New York State, likely in response to the federal No Child Left Behind Act’s highly qualified teacher provisions, no longer allows uncertified teachers to teach students. No Child Left Behind, the most recent reauthorization of the Elementary and Secondary Education Act, requires that all teachers of core academic subjects meet a number of criteria to be designated highly qualified. Highly qualified teachers must hold a bachelor’s degree, be certified in their subject area, and have demonstrated their subject matter competency.
The district also created the Teaching Fellows program, to recruit and certify a new pool of talented people into teaching. The program, likely created in response to no longer being able to hire uncertified teachers, recruits mid-career professionals from other fields and then trains them to be high-quality teacher candidates for the district. The Fellows program will supply about a quarter of the city’s new teachers in the coming year.
New York City also expanded its use of Teach for America teachers, who will comprise about 10 percent of new hires. And as another measure to attract high-quality teachers, it significantly increased teachers’ starting salaries from $33,186 in 2000 to $39,000 in 2005.
This story provides three critical lessons for policymakers:
1. Federal, state, and district policies can help raise the quality of teachers in high-poverty schools. A number of studies have documented the fact that in many states and districts, poor and minority students are taught by teachers with weaker qualifications than those in other schools. It is clear from this example that this situation does not have to persist and can be affected by policy changes.
2. Improving teacher quality in high-poverty schools does not have to come at the expense of teacher quality in low-poverty schools. New York City improved teacher quality in its high-poverty schools solely by improving the quality of new recruits, and not from drawing better teachers from low-poverty schools.
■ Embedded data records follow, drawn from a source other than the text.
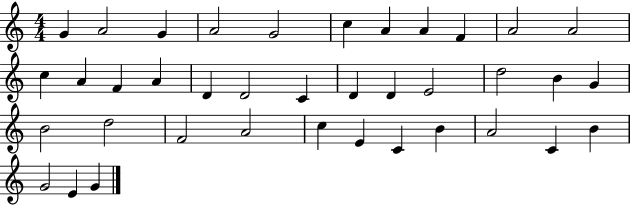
{
  \clef treble
  \numericTimeSignature
  \time 4/4
  \key c \major
  g'4 a'2 g'4 | a'2 g'2 | c''4 a'4 a'4 f'4 | a'2 a'2 | \break c''4 a'4 f'4 a'4 | d'4 d'2 c'4 | d'4 d'4 e'2 | d''2 b'4 g'4 | \break b'2 d''2 | f'2 a'2 | c''4 e'4 c'4 b'4 | a'2 c'4 b'4 | \break g'2 e'4 g'4 | \bar "|."
}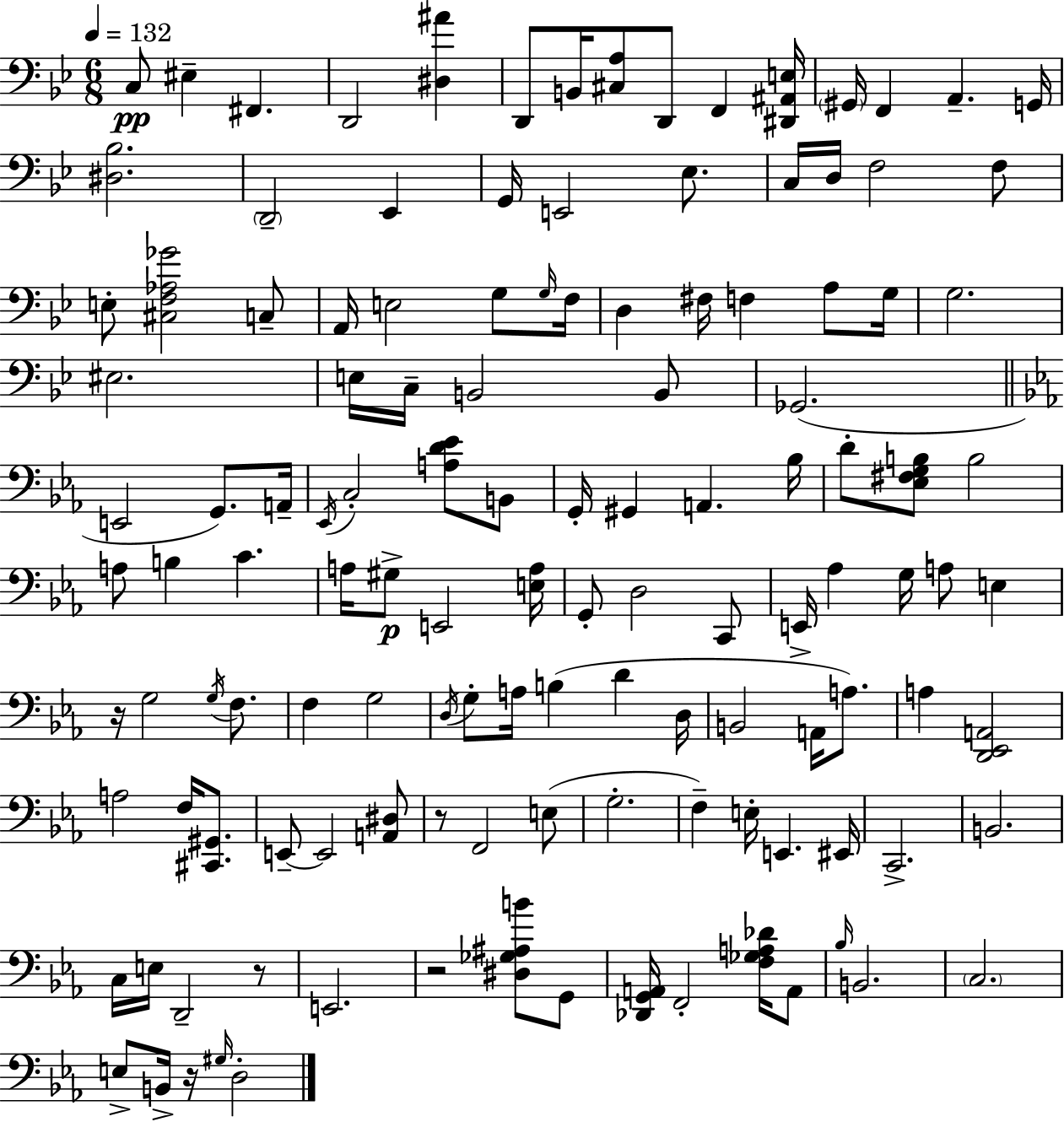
X:1
T:Untitled
M:6/8
L:1/4
K:Bb
C,/2 ^E, ^F,, D,,2 [^D,^A] D,,/2 B,,/4 [^C,A,]/2 D,,/2 F,, [^D,,^A,,E,]/4 ^G,,/4 F,, A,, G,,/4 [^D,_B,]2 D,,2 _E,, G,,/4 E,,2 _E,/2 C,/4 D,/4 F,2 F,/2 E,/2 [^C,F,_A,_G]2 C,/2 A,,/4 E,2 G,/2 G,/4 F,/4 D, ^F,/4 F, A,/2 G,/4 G,2 ^E,2 E,/4 C,/4 B,,2 B,,/2 _G,,2 E,,2 G,,/2 A,,/4 _E,,/4 C,2 [A,D_E]/2 B,,/2 G,,/4 ^G,, A,, _B,/4 D/2 [_E,^F,G,B,]/2 B,2 A,/2 B, C A,/4 ^G,/2 E,,2 [E,A,]/4 G,,/2 D,2 C,,/2 E,,/4 _A, G,/4 A,/2 E, z/4 G,2 G,/4 F,/2 F, G,2 D,/4 G,/2 A,/4 B, D D,/4 B,,2 A,,/4 A,/2 A, [D,,_E,,A,,]2 A,2 F,/4 [^C,,^G,,]/2 E,,/2 E,,2 [A,,^D,]/2 z/2 F,,2 E,/2 G,2 F, E,/4 E,, ^E,,/4 C,,2 B,,2 C,/4 E,/4 D,,2 z/2 E,,2 z2 [^D,_G,^A,B]/2 G,,/2 [_D,,G,,A,,]/4 F,,2 [F,_G,A,_D]/4 A,,/2 _B,/4 B,,2 C,2 E,/2 B,,/4 z/4 ^G,/4 D,2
3. Strategies such as increasing the prestige of the profession and improving compensation are just as important as improving working conditions. The researchers and authors of the National Bureau of Economic Research study attribute the improvements in teacher quality to recruitment and compensation policies. While teachers often say that working conditions matter more to them in choosing their positions than salary, it may be that salary, in combination with other factors, can have just as big of an effect on teachers’ decisions. One of the big draws of programs like the New York Teaching Fellows and Teach for America is their selectivity and prestige. Academically talented students are drawn to competitive programs that make them part of an elite group. The programs also draw teachers by motivating them by the moral imperative to improve education in high-poverty schools. It may also be that one of the most important working conditions is working with a staff of qualified, dedicated professionals. Perhaps when the quality of new recruits improved in high-poverty schools, other new recruits were attracted to those schools.
This may only be one success story in one district, but it is a large, complicated, urban district with all of the challenges that are faced by other urban districts. It is also likely that other urban districts with similar policies are experiencing similar improvements. And it is clearly a promising indication of what’s possible when federal, state, and district policies work in concert to improve education for disadvantaged students.